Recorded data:
------------------------------

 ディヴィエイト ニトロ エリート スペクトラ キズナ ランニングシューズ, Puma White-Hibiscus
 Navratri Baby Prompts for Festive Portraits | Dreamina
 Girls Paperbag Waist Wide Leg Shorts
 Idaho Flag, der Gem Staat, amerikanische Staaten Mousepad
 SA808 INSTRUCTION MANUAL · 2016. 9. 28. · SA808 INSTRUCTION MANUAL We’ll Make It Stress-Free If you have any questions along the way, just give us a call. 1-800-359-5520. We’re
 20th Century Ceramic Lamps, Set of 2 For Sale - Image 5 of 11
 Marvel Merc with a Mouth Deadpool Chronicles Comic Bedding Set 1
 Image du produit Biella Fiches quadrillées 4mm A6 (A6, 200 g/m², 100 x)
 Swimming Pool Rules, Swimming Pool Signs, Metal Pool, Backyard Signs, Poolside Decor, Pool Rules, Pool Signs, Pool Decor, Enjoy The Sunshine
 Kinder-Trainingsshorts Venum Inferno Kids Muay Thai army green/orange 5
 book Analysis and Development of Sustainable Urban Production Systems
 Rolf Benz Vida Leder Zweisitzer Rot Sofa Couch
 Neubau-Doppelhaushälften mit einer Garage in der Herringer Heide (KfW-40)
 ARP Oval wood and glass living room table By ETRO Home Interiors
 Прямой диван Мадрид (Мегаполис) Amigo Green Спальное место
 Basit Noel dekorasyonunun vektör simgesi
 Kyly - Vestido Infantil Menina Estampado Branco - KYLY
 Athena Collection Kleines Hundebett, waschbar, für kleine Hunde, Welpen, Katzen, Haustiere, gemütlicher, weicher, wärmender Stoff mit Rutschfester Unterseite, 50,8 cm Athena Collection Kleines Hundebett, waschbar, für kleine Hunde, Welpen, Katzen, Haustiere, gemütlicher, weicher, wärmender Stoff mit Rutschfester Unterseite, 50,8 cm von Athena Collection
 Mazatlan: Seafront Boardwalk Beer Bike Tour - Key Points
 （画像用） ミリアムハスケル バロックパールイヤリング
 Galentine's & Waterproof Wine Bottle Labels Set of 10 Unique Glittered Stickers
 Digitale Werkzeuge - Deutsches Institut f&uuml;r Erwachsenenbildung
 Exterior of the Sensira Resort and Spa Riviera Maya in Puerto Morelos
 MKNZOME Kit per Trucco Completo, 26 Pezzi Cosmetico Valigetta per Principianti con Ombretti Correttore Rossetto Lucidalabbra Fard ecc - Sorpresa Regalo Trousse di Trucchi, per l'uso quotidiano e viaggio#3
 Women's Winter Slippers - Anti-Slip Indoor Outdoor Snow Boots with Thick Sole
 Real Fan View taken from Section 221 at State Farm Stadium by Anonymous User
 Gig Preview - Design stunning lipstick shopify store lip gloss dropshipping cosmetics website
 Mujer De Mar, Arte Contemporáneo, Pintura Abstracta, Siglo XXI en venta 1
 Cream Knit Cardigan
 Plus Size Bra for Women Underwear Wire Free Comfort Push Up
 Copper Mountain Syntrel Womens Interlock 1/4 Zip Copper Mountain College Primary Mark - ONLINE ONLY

------------------------------

> _Goal of the exercise_:
If a line in the entries includes the word "Free", copy that line out.

> _Exercise result_:
 SA808 INSTRUCTION MANUAL · 2016. 9. 28. · SA808 INSTRUCTION MANUAL We’ll Make It Stress-Free If you have any questions along the way, just give us a call. 1-800-359-5520. We’re
 Plus Size Bra for Women Underwear Wire Free Comfort Push Up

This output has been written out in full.